The system analyzes pronunciation difficulty through several components:

### 1. Phoneme Complexity (40%)

- Evaluates individual sound difficulty
- Considers articulatory features (place, manner, voicing)
- Rates rare or complex phonemes higher (e.g., /θ/, /ð/ in English)

### 2. Maximum Phoneme Difficulty (20%)

- Tracks the hardest sound in the word
- Helps identify words with even one challenging phoneme
- Example: "th" in "think" increases difficulty even if rest is simple

### 3. Syllable Structure (20%)

- Analyzes consonant clusters (e.g., "str" in "string")
- Evaluates syllable patterns (CV, CVC, CCVC, etc.)
- More complex structures = higher scores

### 4. Phonotactic Constraints (10%)

- Checks if sound combinations follow language rules
- Penalizes unusual or forbidden sequences
- Example: "ng" at start of word (uncommon in English)

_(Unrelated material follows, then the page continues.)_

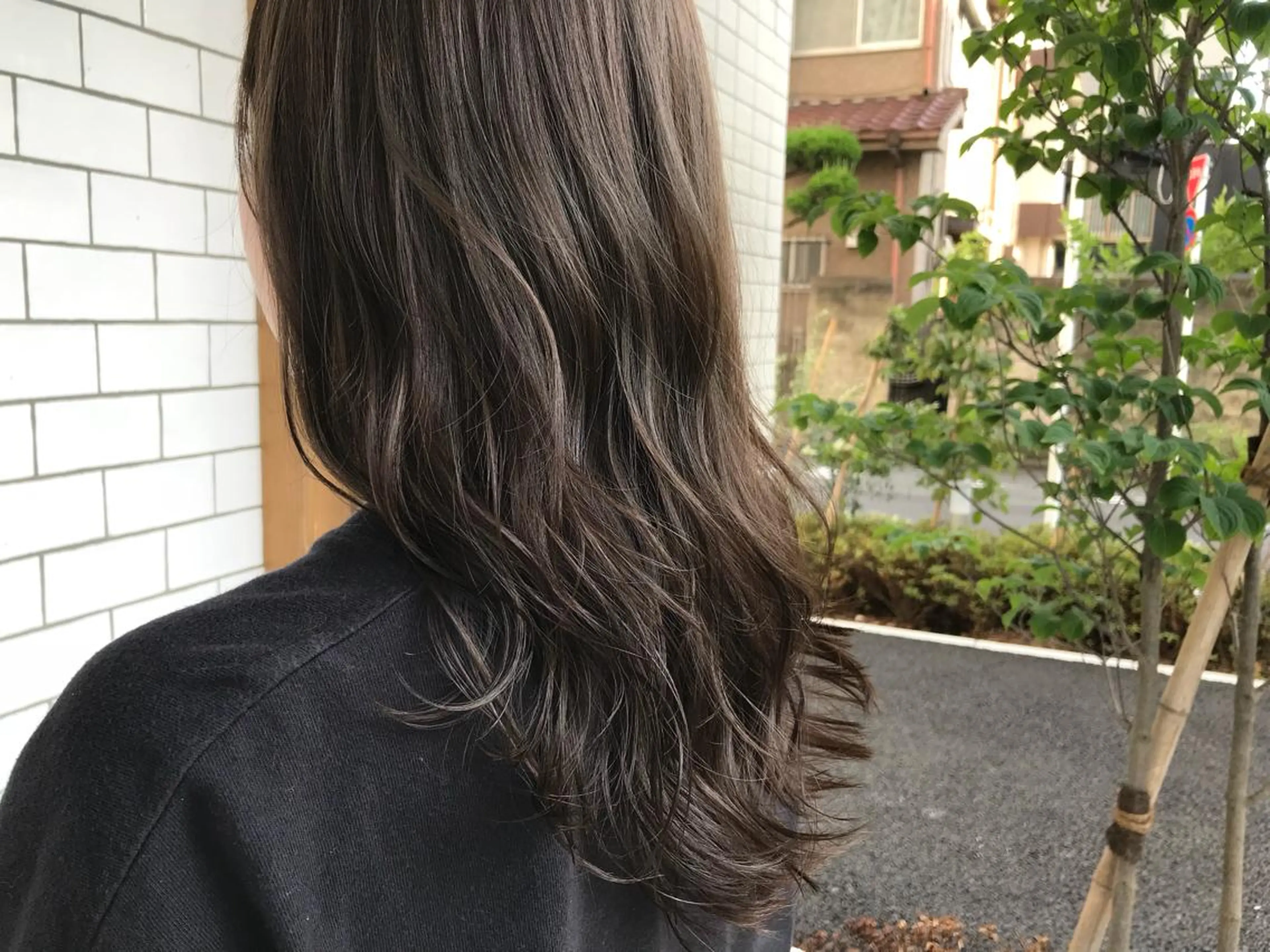 ロング カラー グレージュ 竹嶌 健吾のヘアスタイル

### 5. Prosodic Structure (5%)

- Examines rhythm and stress patterns
- Analyzes sonority profiles
- Considers length and complexity of prosodic units

### 6. Complex Phoneme Ratio (5%)

- Percentage of difficult phonemes in word
- Helps differentiate consistently hard words
- Affects longer words more significantly

### Length Scaling

Words get additional difficulty points based on length:

- ≤3 phonemes: no extra points
- 4-6 phonemes: +0.2 per extra phoneme
- > 6 phonemes: +0.1 per extra phoneme (max 0.7)

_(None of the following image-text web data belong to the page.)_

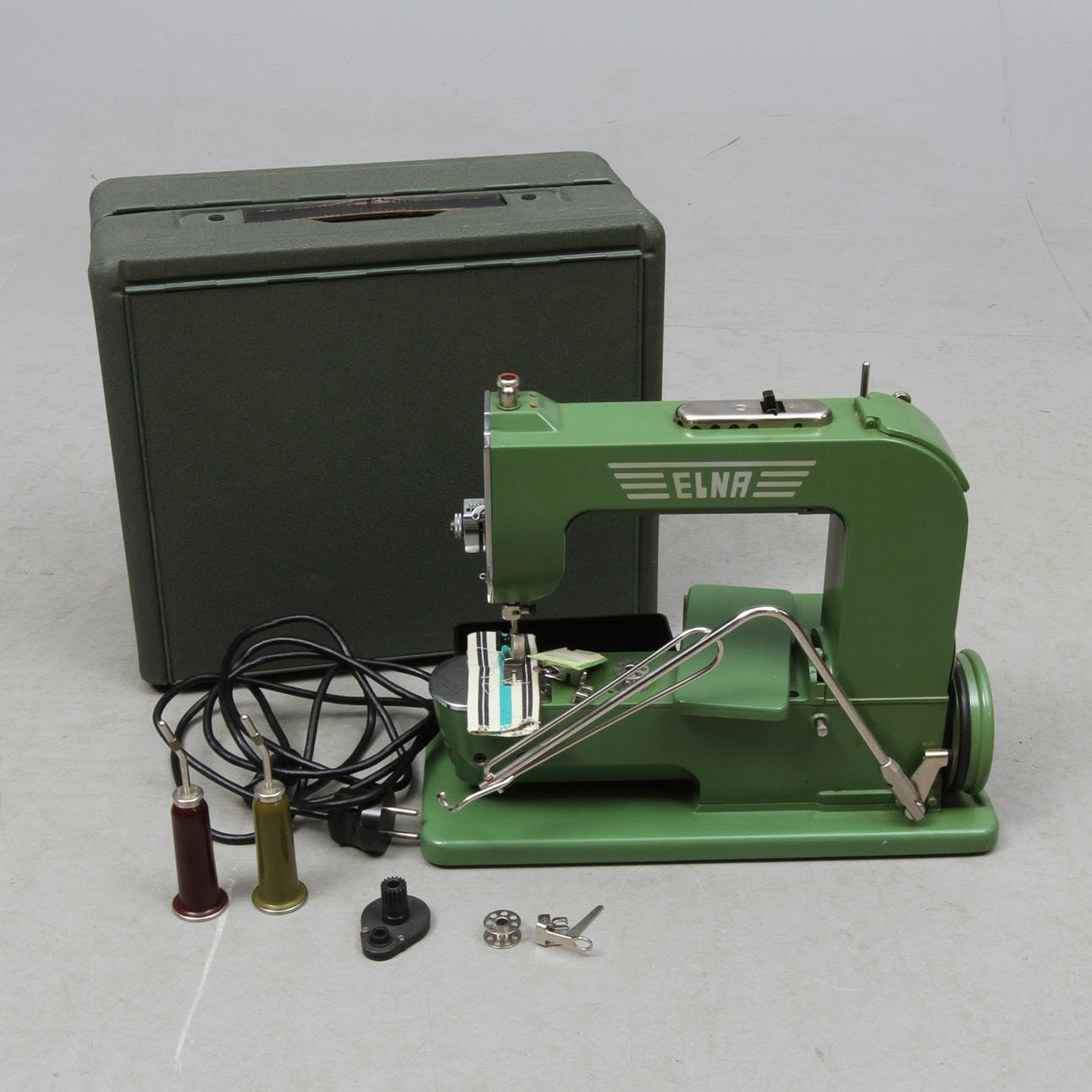 SYMASKIN, Elna, troligen 1940-tal.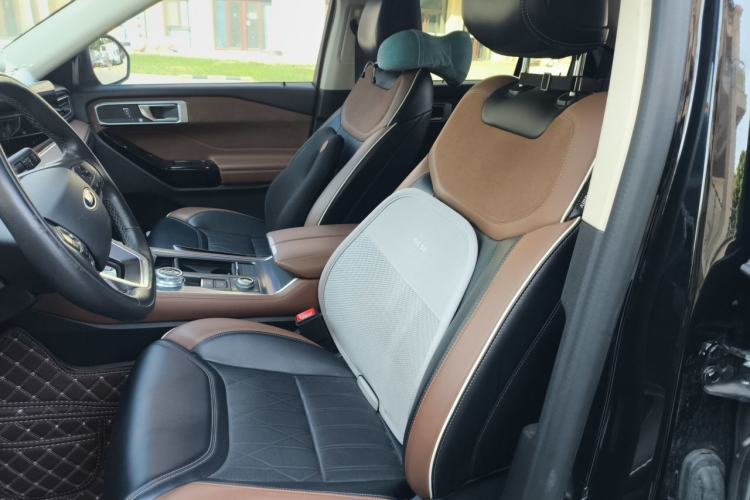 Used Ford Explorer 2023 EcoBoost 285 Four-Wheel Drive Titanium Edition 7-Seater Left Front Seat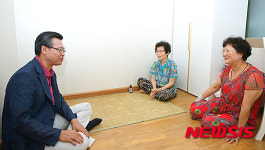 용산 실버홈 입주한 어르신들과 인사하는 성장현 구청장
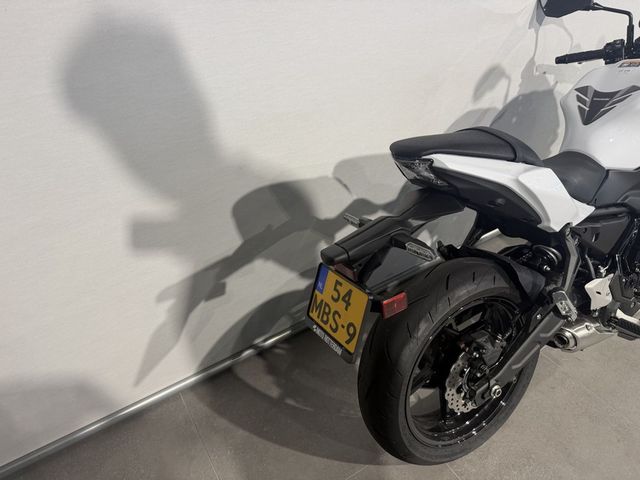 kawasaki - z650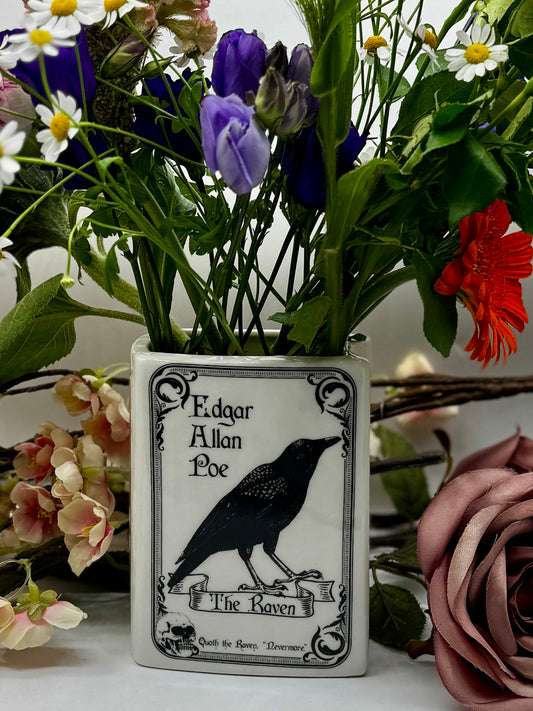 Book Vase: The Raven – Edgar Allan Poe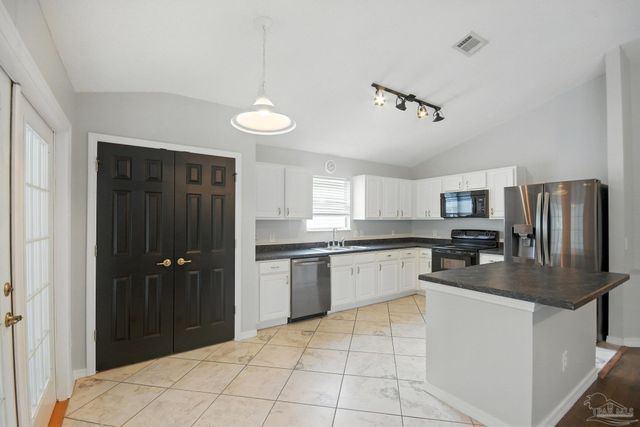 627 Saleta St, Pensacola, FL 32534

### Final Score Adjustment

- Simple words (score < 0.4): Gentle sigmoid curve
- Complex words (score ≥ 0.4): Steeper sigmoid + exponential boost for very complex words

## Language Support

Each supported language has:

- Custom phoneme difficulty ratings
- Language-specific syllable patterns
- Tailored phonotactic rules
- Adjusted prosodic analysis

## Examples with Explanations

```python
# English examples with typical scores:
"cat" -> 0.123         # Simple CV-C structure, common phonemes
"string" -> 0.567      # Complex onset cluster, but common in English
"rhythm" -> 0.789      # Unusual consonant patterns, no vowel between 'th' and 'm'

# Norwegian examples:
"hei" -> 0.234        # Simple structure, common sounds
"skjønnhet" -> 0.678  # Complex consonant cluster, front rounded vowel

# Spanish examples:
"casa" -> 0.123       # Simple CV-CV structure
"desarrollo" -> 0.456 # Longer but regular structure

# Italian examples:
"ciao" -> 0.234       # Simple structure despite diphthong
"struggere" -> 0.567  # Complex consonant cluster
```

## Contributing

Contributions welcome! Areas for improvement:

- Additional language support
- Refined difficulty metrics
- Enhanced prosodic analysis
- Performance optimizations

## License

This project is licensed under the European Union Public Licence (EUPL) v. 1.2. See the [LICENSE](LICENSE) file for details.